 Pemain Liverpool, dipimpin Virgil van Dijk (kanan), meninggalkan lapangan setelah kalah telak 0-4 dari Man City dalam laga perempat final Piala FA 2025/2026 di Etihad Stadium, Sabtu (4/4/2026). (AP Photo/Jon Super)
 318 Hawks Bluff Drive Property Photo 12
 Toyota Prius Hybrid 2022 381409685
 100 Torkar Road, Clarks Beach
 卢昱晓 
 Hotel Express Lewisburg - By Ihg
-=-=-=-=-
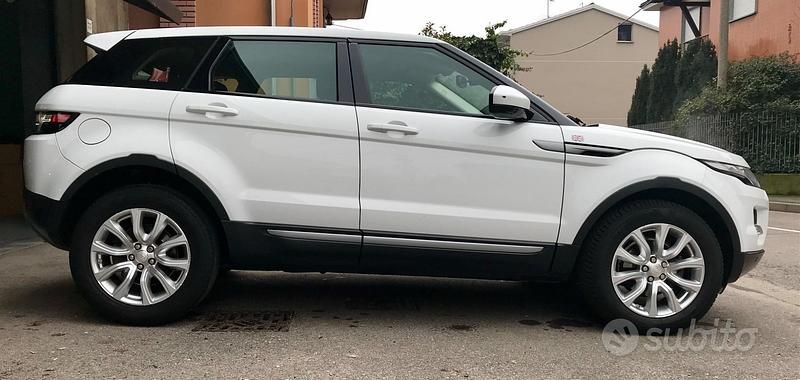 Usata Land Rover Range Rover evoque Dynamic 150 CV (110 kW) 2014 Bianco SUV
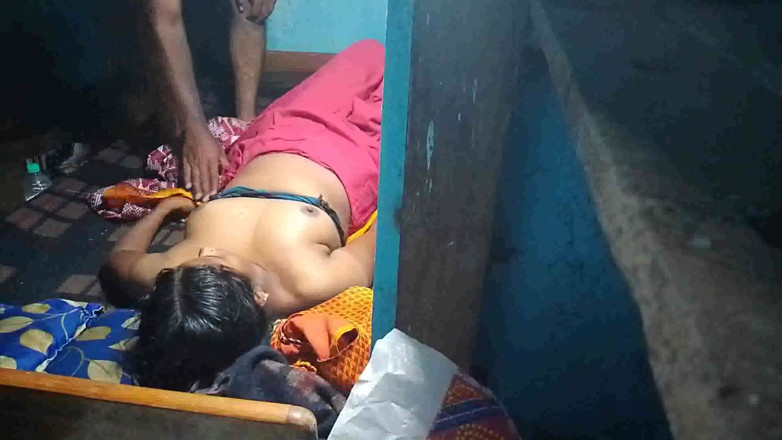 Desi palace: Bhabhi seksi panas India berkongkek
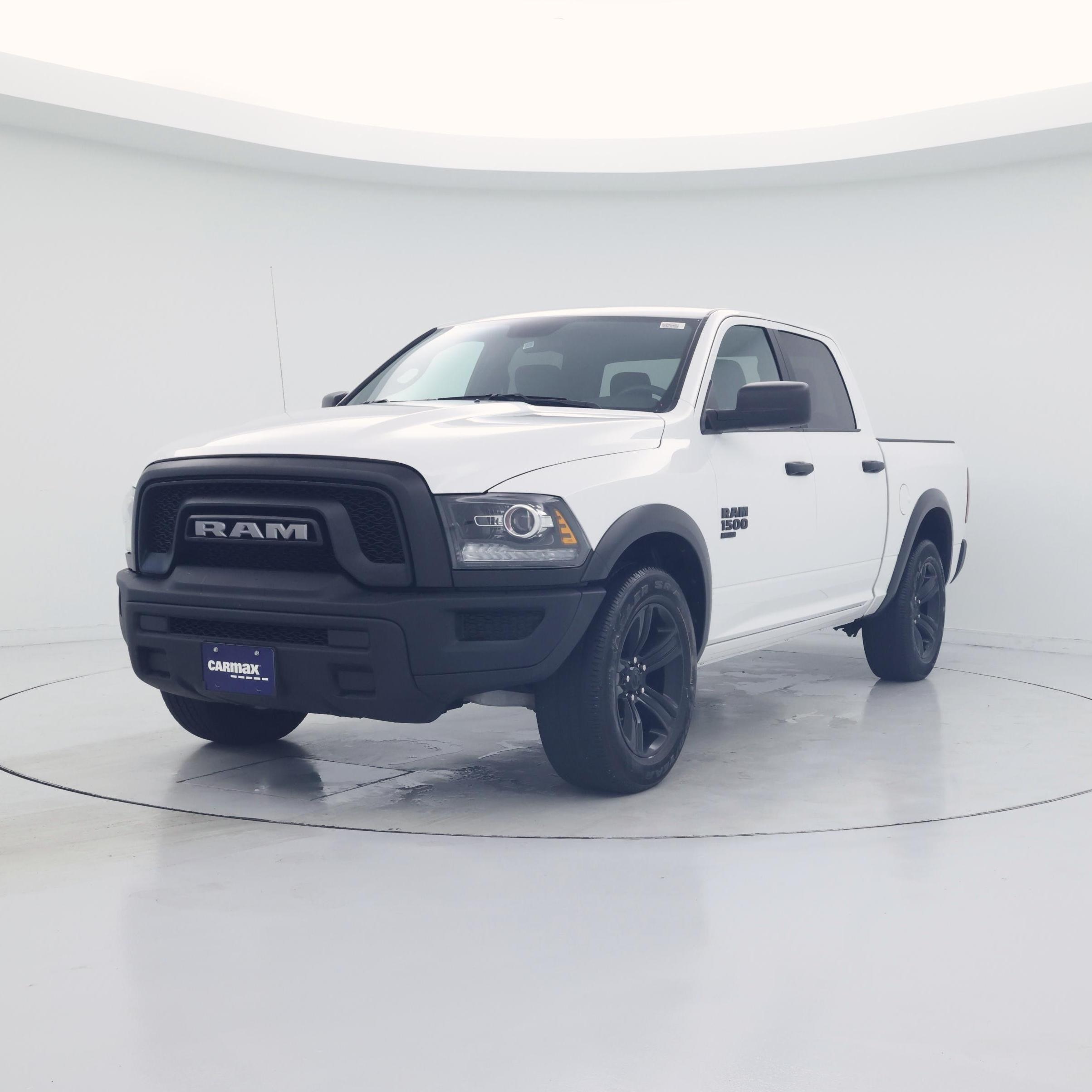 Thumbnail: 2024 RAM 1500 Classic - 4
-=-=-=-=-
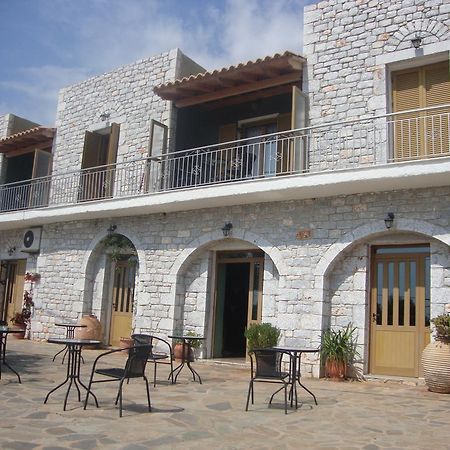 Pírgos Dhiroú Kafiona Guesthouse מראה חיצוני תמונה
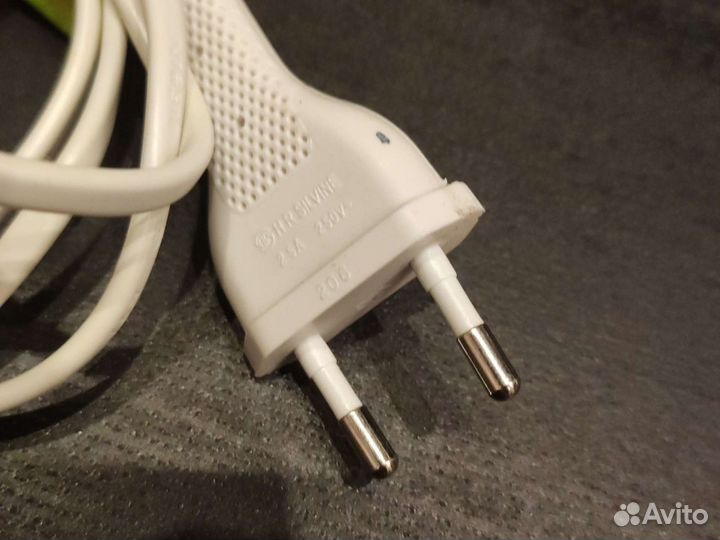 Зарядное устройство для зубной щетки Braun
-=-=-=-=-
• TASK DIRECTIONS:
Each line above that carries the string "Photo" has to be returned.

• RESULT FOR THIS EXERCISE:
 Pemain Liverpool, dipimpin Virgil van Dijk (kanan), meninggalkan lapangan setelah kalah telak 0-4 dari Man City dalam laga perempat final Piala FA 2025/2026 di Etihad Stadium, Sabtu (4/4/2026). (AP Photo/Jon Super)
 318 Hawks Bluff Drive Property Photo 12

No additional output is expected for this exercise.